Mülltrennung


Der Niedersächsische Städtetag veröffentlicht Zahlen zur Mülltrennung.


Mülltrennung "Tatkräftig und ohne Bezahlung häufen die Bürger in Deutschland Jahr für Jahr einen Riesenberg an Rohstoffen auf. Rund 20,5 Millionen Tonnen ausgelesene Zeitungen, leer getrunkene Glasflaschen, ausgediente Verpackungen und Essensreste haben die Bundesbürger 2008 vor der grauen Restmülltonne bewahrt und fein säuberlich sortiert, damit daraus wieder Brauchbares entstehen kann.
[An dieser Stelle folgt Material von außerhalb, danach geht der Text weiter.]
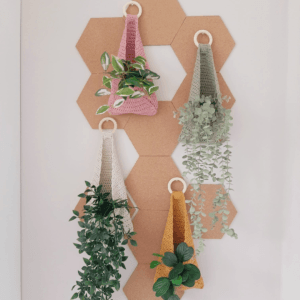 Gehaakte plantenhangers DIY in de kleuren roze, linnen, oker en seagrass groen.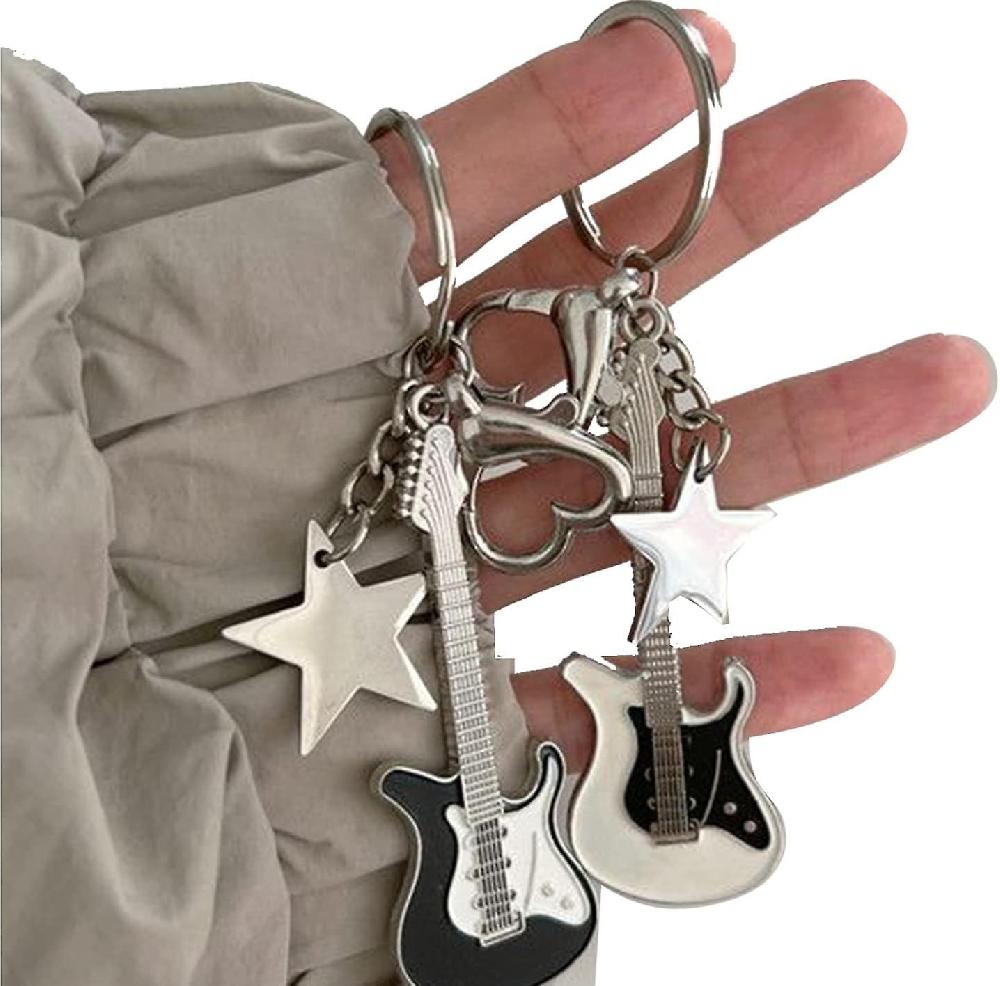 Star Guitar Keychain: Vintage Aesthetic Pendant For Men And Women Qualità Garantita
Ohne die Mülltrennung käme mehr als doppelt so viel Abfall in die Verbrennungsanlagen. Insgesamt fielen bei den Haushalten rund 37,2 Millionen Tonnen Abfall an, 200 000 Tonnen weniger als im Vorjahr. Mehr als die Hälfte - 55 Prozent - wird wiederverwertet. Jeder Einwohner verursachte im Durchschnitt rund 202 Kilo Haus- und Sperrmüll, 143 Kilo waren Wertstoffe wie Papier, Glas und Verpackungen. Knapp 107 Kilo organische Abfälle wie Essensreste oder Gartenabfälle wanderten in die Bio-Tonne. Anders als Erdöl, Kohle und Gas wird es Müll zwar immer geben. Mehr Abfall wird aber nicht zusammenkommen, im Gegenteil: Politisch ist Vermeidung gewollt. Seit 2003 ist die Menge in Deutschland ungefähr gleich geblieben, nach dem derzeitigen Stand ist auch die Abfalltrennung ausgereizt. Und so schielen die Fachleute bereits auf die Abermillionen Tonnen alten Hausmülls, die jahrzehntelang unbehandelt und unsortiert auf Deponien geworfen wurden, bis diese 2005 verboten wurden. Seitdem wandert das, was gar nicht mehr brauchbar ist, in die Müllöfen." (NST-Umwelt-Info-Beitrag Nr. 3.15 / 2010 vom 23. März 2010).

Rotenburg (Wümme) hat daran auch seinen Anteil. Dank sei allen Bürgerinnen und Bürgern für dieses umweltbewusste Verhalten.